Feature Engineering for Financial ML: A 90-Feature Walkthrough
A complete walkthrough of feature engineering for financial machine learning. The 90 features ARIA Analyst computes per ticker, grouped by family, with the rationale for each.
In financial machine learning, model architecture is a second-order concern. The first-order concern is features. A well-engineered feature set with a vanilla gradient-boosted-trees model will outperform a poorly-engineered feature set with the most sophisticated deep learning architecture, every time. This is not a controversial claim among practitioners, it is the lesson everyone learns after their first failed deep-learning-on-prices experiment.
This article documents the 90 features ARIA Analyst computes per ticker for its ML ensemble, grouped into five families: fundamental, technical, momentum, sentiment, and macro. For each family I describe the features, the rationale, and the pitfalls. The goal is to give a worked example of what a serious financial ML feature set looks like, not to give a recipe to copy.
Family 1: Fundamental features (28 features)
Fundamental features describe the underlying business: how profitable it is, how fast it is growing, how leveraged it is, and how richly it is valued. These features change slowly (quarterly at most) but carry meaningful long-horizon signal.
Profitability: ROE, ROIC, net margin, gross margin, EBITDA margin, FCF margin. Each is reported as a trailing 12-month value, a 5-year average, and a trend (acceleration/deceleration over 8 quarters). The trend matters more than the level in many cases, a deteriorating high-margin business is a different bet than a stable medium-margin business.
Growth: revenue CAGR (1Y, 3Y, 5Y), EPS CAGR, FCF CAGR, book value CAGR. Same structure, level plus trend. The gap between revenue and EPS growth is its own feature (margin expansion/compression).
Leverage: debt/equity, net debt/EBITDA, interest coverage, current ratio. These are useful primarily as risk filters, extreme values flag potential financial distress; modest values are noise.
Valuation: P/E, forward P/E, P/B, P/S, EV/EBITDA, EV/Sales, FCF yield, earnings yield. Each as a level and as a percentile rank within the stock's own 5-year history (relative valuation is more informative than absolute valuation).

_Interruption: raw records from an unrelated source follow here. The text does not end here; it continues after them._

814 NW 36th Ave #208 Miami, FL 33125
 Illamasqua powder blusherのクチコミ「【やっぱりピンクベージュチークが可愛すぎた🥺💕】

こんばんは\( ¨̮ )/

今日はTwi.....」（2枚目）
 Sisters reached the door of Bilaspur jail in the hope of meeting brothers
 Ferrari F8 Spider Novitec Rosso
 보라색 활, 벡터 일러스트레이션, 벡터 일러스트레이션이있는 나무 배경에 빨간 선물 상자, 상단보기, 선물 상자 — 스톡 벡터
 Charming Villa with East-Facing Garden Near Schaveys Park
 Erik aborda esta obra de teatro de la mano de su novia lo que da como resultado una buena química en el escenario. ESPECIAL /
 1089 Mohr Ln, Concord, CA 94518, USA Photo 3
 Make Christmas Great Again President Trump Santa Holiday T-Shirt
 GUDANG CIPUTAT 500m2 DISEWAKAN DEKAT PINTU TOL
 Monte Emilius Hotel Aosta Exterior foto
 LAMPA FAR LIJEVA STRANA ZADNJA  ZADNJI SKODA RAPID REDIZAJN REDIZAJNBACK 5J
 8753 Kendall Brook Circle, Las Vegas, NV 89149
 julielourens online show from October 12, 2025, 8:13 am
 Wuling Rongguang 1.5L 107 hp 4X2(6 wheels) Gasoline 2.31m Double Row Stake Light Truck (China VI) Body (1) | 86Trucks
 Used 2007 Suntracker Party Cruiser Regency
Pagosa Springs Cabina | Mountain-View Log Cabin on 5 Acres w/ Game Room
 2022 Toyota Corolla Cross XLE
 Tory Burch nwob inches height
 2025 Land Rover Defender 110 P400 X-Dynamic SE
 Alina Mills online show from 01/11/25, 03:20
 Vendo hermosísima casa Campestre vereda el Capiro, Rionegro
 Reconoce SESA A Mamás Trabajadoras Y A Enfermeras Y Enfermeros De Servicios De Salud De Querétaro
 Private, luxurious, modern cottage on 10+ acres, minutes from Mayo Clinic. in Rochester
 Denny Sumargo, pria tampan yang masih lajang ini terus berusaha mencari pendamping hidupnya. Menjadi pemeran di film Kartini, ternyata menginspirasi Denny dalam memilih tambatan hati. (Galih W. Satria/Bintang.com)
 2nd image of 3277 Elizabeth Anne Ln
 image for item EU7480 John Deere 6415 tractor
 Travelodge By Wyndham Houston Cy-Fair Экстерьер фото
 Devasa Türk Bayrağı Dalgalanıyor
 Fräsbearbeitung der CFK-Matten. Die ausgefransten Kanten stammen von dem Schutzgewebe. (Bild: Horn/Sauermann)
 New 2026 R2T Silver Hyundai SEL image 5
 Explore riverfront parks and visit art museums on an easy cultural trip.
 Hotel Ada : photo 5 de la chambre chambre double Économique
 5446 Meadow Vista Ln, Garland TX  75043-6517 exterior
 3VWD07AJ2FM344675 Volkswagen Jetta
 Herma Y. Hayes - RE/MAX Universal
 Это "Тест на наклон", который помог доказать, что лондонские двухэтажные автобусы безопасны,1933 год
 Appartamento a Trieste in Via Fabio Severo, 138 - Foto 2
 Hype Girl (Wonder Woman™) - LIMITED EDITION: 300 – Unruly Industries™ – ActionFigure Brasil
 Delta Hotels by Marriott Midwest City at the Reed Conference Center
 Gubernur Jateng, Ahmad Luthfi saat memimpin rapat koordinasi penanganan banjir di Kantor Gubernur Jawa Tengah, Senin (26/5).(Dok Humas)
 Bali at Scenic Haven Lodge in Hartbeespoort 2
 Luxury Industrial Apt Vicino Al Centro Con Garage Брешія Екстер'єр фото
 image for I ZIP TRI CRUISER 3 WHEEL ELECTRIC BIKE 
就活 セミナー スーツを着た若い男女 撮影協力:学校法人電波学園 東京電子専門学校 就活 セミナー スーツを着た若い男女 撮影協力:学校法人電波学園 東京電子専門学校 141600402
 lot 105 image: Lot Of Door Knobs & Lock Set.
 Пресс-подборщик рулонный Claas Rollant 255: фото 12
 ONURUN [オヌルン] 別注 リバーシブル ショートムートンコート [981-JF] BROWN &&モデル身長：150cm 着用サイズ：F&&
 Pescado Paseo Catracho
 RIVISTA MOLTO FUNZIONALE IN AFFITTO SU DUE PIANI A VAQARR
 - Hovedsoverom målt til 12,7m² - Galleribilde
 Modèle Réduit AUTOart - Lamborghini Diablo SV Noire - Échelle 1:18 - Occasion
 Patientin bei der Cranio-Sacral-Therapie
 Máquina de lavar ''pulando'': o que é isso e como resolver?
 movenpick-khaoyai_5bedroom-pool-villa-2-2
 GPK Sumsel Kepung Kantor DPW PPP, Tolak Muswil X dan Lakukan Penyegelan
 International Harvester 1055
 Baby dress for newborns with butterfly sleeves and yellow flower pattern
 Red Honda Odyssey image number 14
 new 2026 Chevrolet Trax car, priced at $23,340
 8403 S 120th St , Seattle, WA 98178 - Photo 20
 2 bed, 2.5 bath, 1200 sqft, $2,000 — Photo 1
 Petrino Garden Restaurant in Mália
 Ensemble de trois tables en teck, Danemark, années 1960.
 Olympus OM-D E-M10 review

Quality: Piotroski F-score, Altman Z-score. These are composite features that bundle multiple financial-statement signals into a single number. They have well-documented predictive power for distressed and high-quality buckets respectively.
Family 2: Technical features (22 features)
Technical features are derived from price and volume data alone. They are higher-frequency than fundamentals and capture momentum, mean reversion, and volatility regime.
Momentum: 1-month, 3-month, 6-month, 12-month returns. These four features together capture the well-documented momentum factor. 12-month minus 1-month (the "Carhart momentum") is its own feature, and it predicts forward returns more cleanly than raw 12-month return.
Mean reversion: 14-day RSI, distance from 50-day moving average, distance from 200-day moving average, Bollinger band position. Mean-reversion signals are noisy on their own but combine well with fundamental quality.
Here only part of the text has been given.